When the Food and Drug Administration announced on May 5 that it would begin regulating the premium cigar industry, the organization outlined an extensive list of new requirements that included everything from bigger warning labels to the banning of free samples. Most notable, however, was the FDA’s mandate requiring cigar manufacturers to test the ingredients in their products, especially for something the FDA refers to as “harmful and potentially harmful constituents (HPHC).” According to the new law, the tobacco in each cigar will be subject to laboratory analysis and evaluation, as will the chemical constituents of its smoke.
Compliancy for this mandate only applies to cigars released after the predicate date of February 15, 2007. Cigars on the market before this date will be grandfathered in, and not subject to the same testing and reporting requirements of newer products.

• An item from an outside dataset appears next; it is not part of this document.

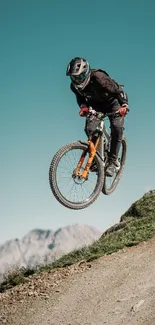 Mountain biker performing a jump on a dirt trail against a scenic backdrop.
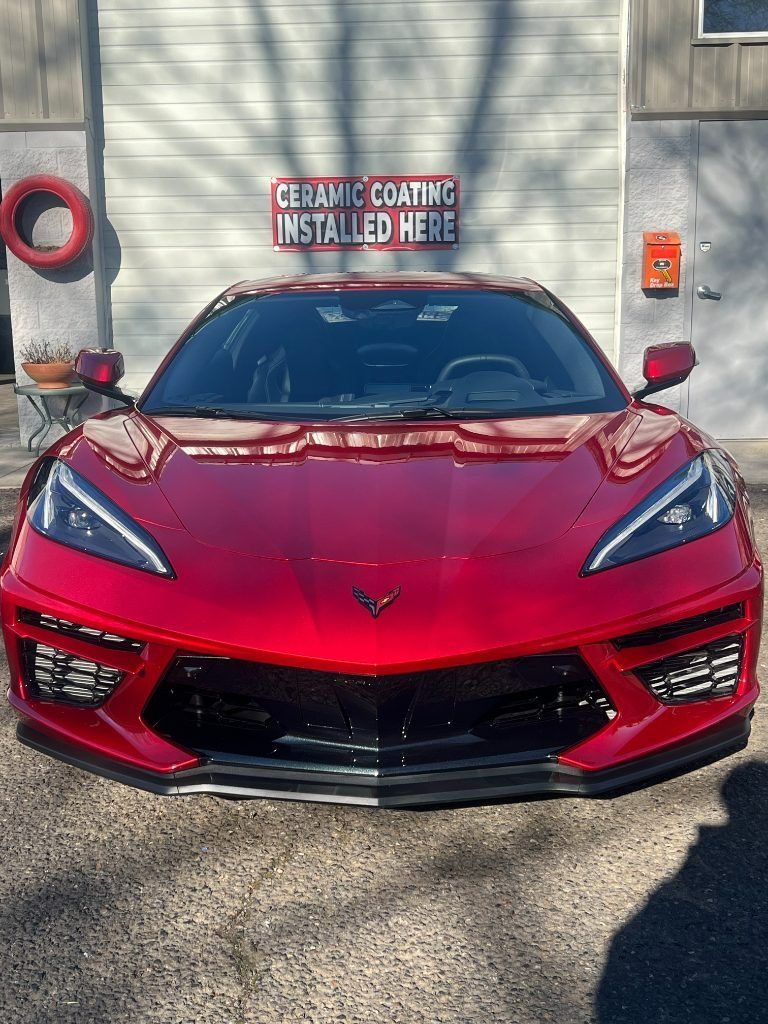 Red Chevrolet Corvette parked in front of a detail shop sign saying “Ceramic Coating Installation Here”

The FDA’s jurisdiction over the premium cigar industry goes into effect this summer, but cigar manufacturers whose products are subject to testing will be given a three-year grace period to streamline and normalize their compliance requirements. This means that although the FDA’s jurisdiction goes into effect on August 8, the FDA will not enforce the reporting requirements for newly deemed products before the end of the three-year period, giving companies a chance to fully understand, adjust to and comply with the new guidelines. The FDA will be issuing guidance to cigar companies over the next three years.